The Middle Red Square

Here is a solution, not by me:

Let $AB=1$ , $\angle D_1BB_1=\alpha$ , $BB_1=x$ ,

then $EF=BB_1 sin \alpha = x sin \alpha$

In $\triangle B_1CD$ , $sin \alpha = \frac{CD}{B_1D}$ = $\frac{1}{\sqrt{1^{2}+(1-x)^{2}}}$

$\therefore$ Area of square $EFGH = EF^{2} = x^{2} sin^{2} \alpha = \frac{x^{2}}{1^{2}+(1-x)^{2}} = \frac{1}{41}$

$20x^{2}+x-1=0$

$(5x-1)(4x+1)=0$

$\therefore x=\frac{1}{5}, \boxed{k=5}$

.

Let the side of $ABCD$ be $l$ , then $DD_1=\dfrac{l}{k}$ .

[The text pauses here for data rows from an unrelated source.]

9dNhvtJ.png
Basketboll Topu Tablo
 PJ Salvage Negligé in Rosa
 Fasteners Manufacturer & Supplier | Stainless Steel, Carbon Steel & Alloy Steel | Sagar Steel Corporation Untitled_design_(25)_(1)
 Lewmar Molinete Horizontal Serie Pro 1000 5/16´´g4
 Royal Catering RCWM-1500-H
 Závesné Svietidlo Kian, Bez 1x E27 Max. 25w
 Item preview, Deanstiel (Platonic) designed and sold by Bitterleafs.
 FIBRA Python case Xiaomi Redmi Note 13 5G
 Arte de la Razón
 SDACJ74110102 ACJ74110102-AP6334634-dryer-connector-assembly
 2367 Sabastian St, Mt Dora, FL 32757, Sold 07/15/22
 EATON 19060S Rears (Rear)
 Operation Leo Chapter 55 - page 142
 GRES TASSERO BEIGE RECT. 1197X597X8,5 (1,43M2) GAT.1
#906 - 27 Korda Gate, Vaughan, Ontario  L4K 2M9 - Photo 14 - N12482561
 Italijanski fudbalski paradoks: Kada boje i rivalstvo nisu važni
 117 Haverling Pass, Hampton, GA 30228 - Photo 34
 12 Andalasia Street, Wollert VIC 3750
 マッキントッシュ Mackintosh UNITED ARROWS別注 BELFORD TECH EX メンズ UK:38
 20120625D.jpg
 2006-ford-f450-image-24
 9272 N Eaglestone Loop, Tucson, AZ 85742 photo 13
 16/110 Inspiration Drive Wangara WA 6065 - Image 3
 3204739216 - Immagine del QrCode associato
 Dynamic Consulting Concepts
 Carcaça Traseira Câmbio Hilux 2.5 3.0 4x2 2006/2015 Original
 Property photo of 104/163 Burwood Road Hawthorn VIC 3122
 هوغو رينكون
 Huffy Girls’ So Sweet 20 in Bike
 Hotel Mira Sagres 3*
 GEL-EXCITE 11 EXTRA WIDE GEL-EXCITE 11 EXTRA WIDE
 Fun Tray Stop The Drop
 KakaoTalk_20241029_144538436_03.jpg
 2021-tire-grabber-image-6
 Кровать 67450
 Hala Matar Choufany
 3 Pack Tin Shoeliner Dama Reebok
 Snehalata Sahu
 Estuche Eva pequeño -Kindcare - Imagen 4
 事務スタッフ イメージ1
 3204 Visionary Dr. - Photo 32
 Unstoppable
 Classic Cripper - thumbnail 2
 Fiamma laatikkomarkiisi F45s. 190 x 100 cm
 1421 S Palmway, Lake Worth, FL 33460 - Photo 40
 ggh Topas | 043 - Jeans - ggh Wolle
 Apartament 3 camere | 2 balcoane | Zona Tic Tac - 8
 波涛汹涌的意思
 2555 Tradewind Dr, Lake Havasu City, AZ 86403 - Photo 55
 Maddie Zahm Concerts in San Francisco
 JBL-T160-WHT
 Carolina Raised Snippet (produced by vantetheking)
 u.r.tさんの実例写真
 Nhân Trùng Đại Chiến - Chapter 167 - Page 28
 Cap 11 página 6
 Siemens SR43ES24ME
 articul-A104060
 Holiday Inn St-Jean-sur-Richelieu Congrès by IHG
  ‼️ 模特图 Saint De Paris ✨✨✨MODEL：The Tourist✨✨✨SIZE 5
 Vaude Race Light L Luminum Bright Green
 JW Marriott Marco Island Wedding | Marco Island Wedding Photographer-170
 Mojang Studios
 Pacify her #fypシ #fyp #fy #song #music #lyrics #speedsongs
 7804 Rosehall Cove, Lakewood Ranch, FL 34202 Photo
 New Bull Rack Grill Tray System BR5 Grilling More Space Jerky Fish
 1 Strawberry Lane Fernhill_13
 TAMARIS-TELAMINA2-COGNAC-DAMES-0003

It follows that $AD_1=l \left(1-\dfrac{1}{k}\right)$ and, by the pythagorean theorem ,

$BD_1=l \sqrt{2+\dfrac{1}{k^2}-\dfrac{2}{k}}$

Since $\triangle ABD_1$ and $\triangle DD_1K$ are similar

$\dfrac{AB}{BD_1} = \dfrac{KD_1}{DD_1}$

$\dfrac{l}{\sqrt{2+\dfrac{1}{k^2}-\dfrac{2}{k}}} = \dfrac{KD_1}{\dfrac{l}{k}} \iff KD_1 = \dfrac{l}{k\sqrt{2+\dfrac{1}{k^2}-\dfrac{2}{k}}}$

Since $GH=KD_1$ , the ratio of the area of the red square to the area of $ABCD$ is

$r=\dfrac{(KD_1)^2}{l^2} = \dfrac{1}{2k^2-2k+1}$

In this case the ratio is $\dfrac{1}{41}$

$\dfrac{1}{2k^2-2k+1}=\dfrac{1}{41}$

$\begin{aligned} k^2-k-20=0 & \iff (k-5)(k+4)=0\\ & \iff k=5,k=-4 \end{aligned}$

Obviously we discard the negative solution, so the answer is $k=\boxed{5}$